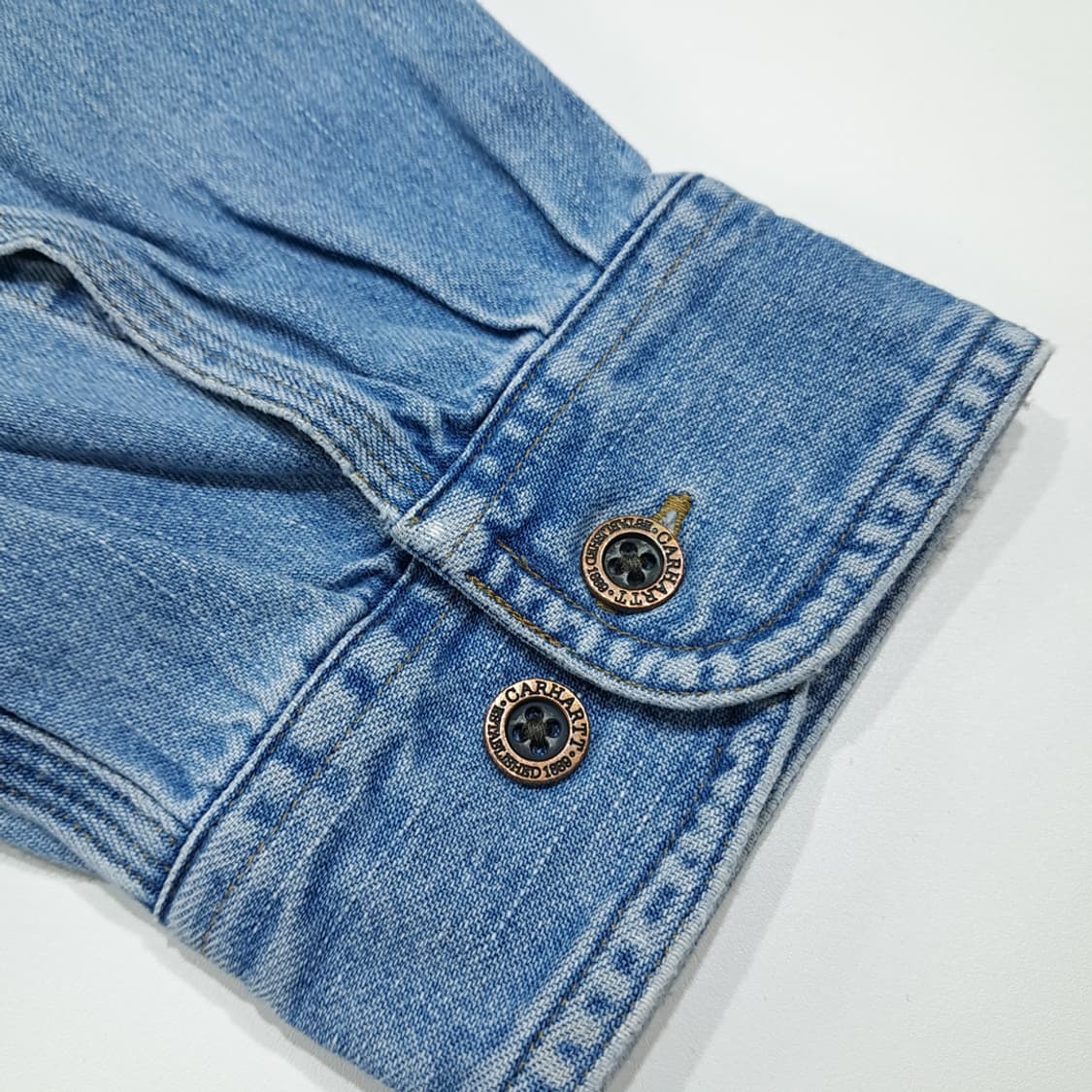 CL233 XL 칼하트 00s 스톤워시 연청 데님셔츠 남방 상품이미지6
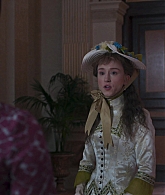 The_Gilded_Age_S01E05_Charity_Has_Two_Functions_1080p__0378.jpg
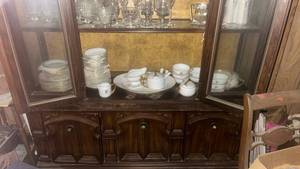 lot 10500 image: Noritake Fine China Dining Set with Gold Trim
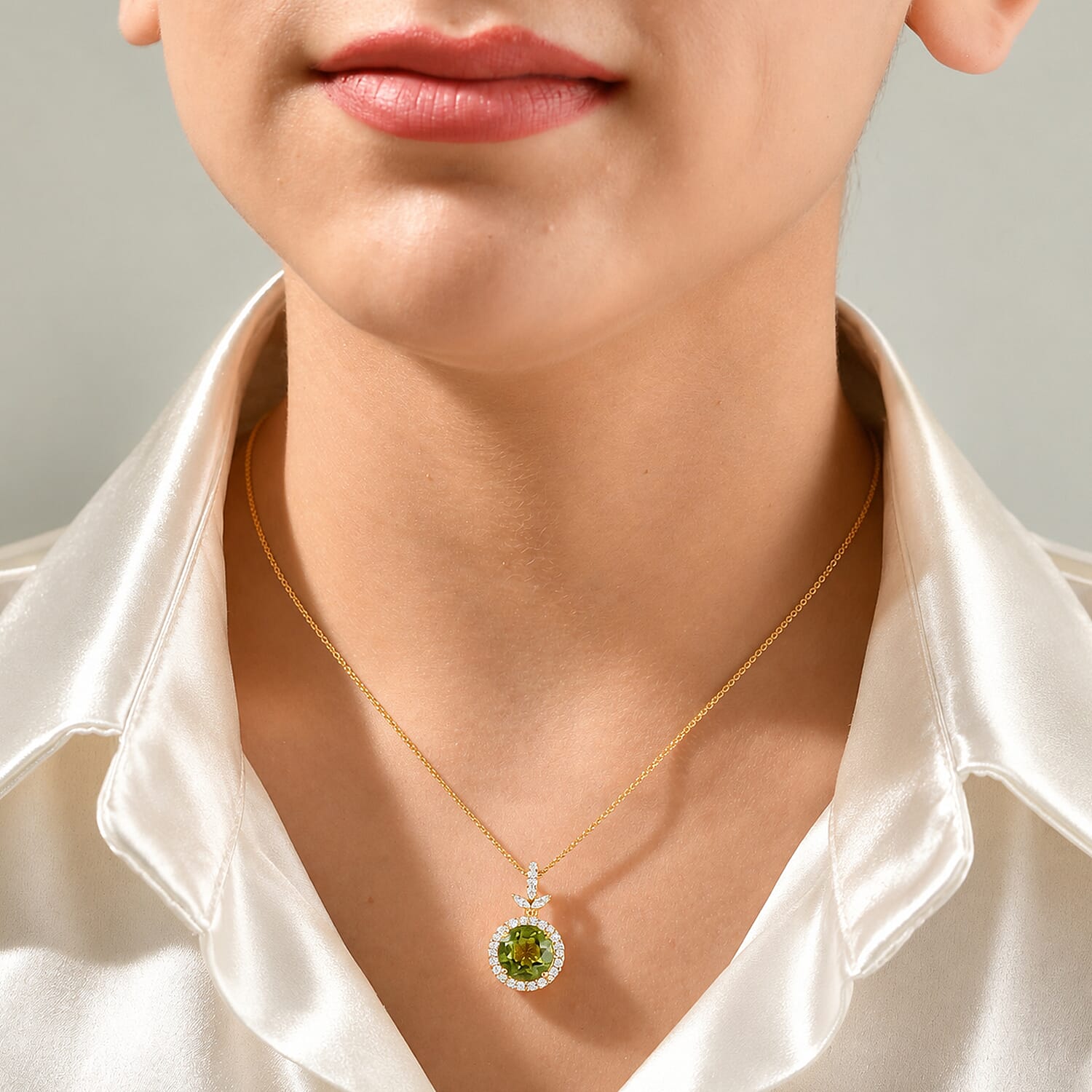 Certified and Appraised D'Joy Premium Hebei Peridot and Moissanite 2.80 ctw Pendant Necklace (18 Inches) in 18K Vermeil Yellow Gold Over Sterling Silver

========

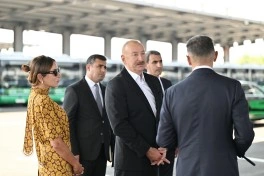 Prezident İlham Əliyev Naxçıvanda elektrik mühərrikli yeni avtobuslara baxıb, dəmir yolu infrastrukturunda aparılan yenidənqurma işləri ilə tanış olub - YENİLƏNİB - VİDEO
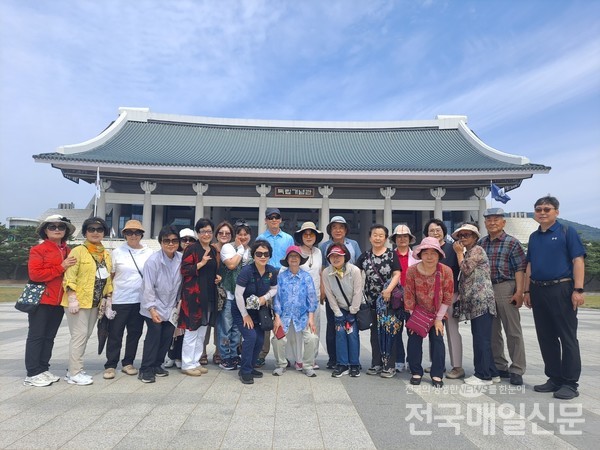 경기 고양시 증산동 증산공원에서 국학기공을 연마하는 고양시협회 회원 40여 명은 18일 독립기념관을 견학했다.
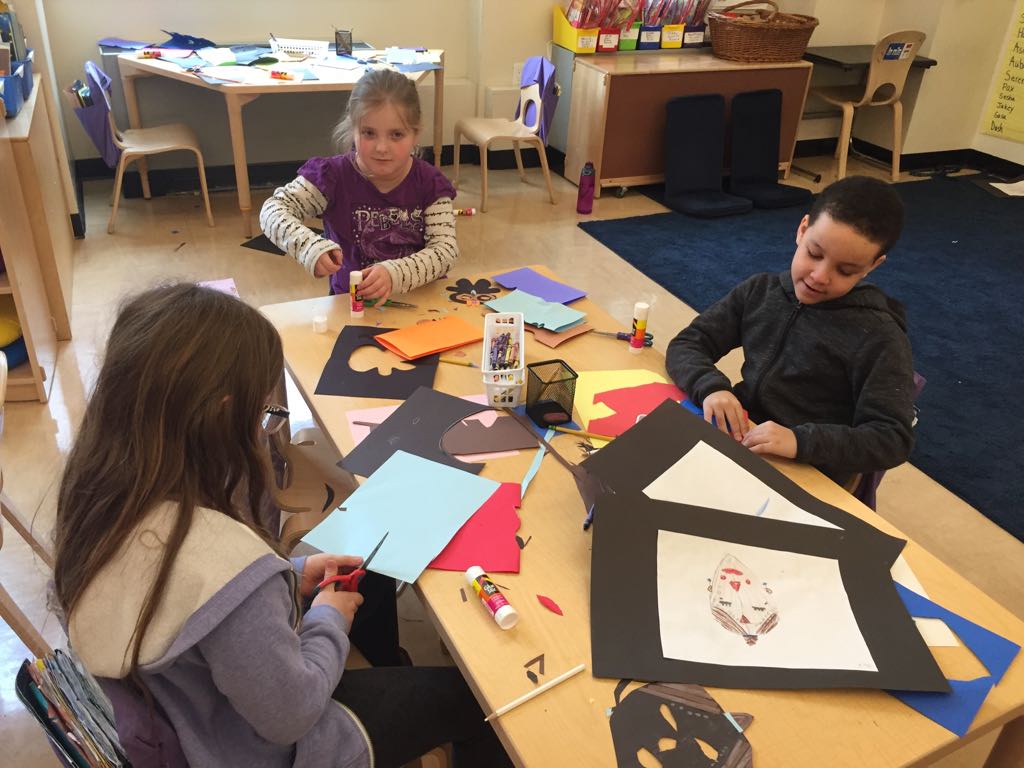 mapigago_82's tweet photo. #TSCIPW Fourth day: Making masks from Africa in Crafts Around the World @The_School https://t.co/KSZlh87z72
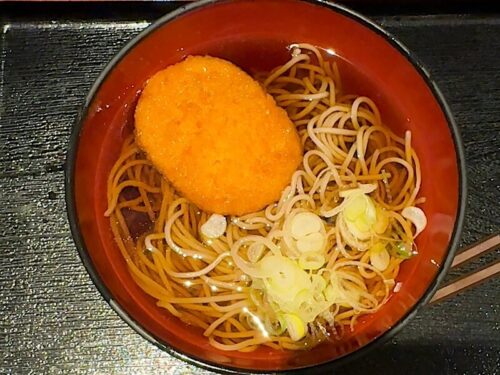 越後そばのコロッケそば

========

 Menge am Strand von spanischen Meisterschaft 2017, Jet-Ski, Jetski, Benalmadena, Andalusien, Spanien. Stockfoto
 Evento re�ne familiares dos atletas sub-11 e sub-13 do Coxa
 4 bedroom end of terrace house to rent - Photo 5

========

* **Exercise**
All lines in the listing above between the line with "Menge am Strand" and the line with "4 bedroom end", inclusive, should be set down exactly, and no line outside that range.

* **Solution to the problem**
 Menge am Strand von spanischen Meisterschaft 2017, Jet-Ski, Jetski, Benalmadena, Andalusien, Spanien. Stockfoto
 Evento re�ne familiares dos atletas sub-11 e sub-13 do Coxa
 4 bedroom end of terrace house to rent - Photo 5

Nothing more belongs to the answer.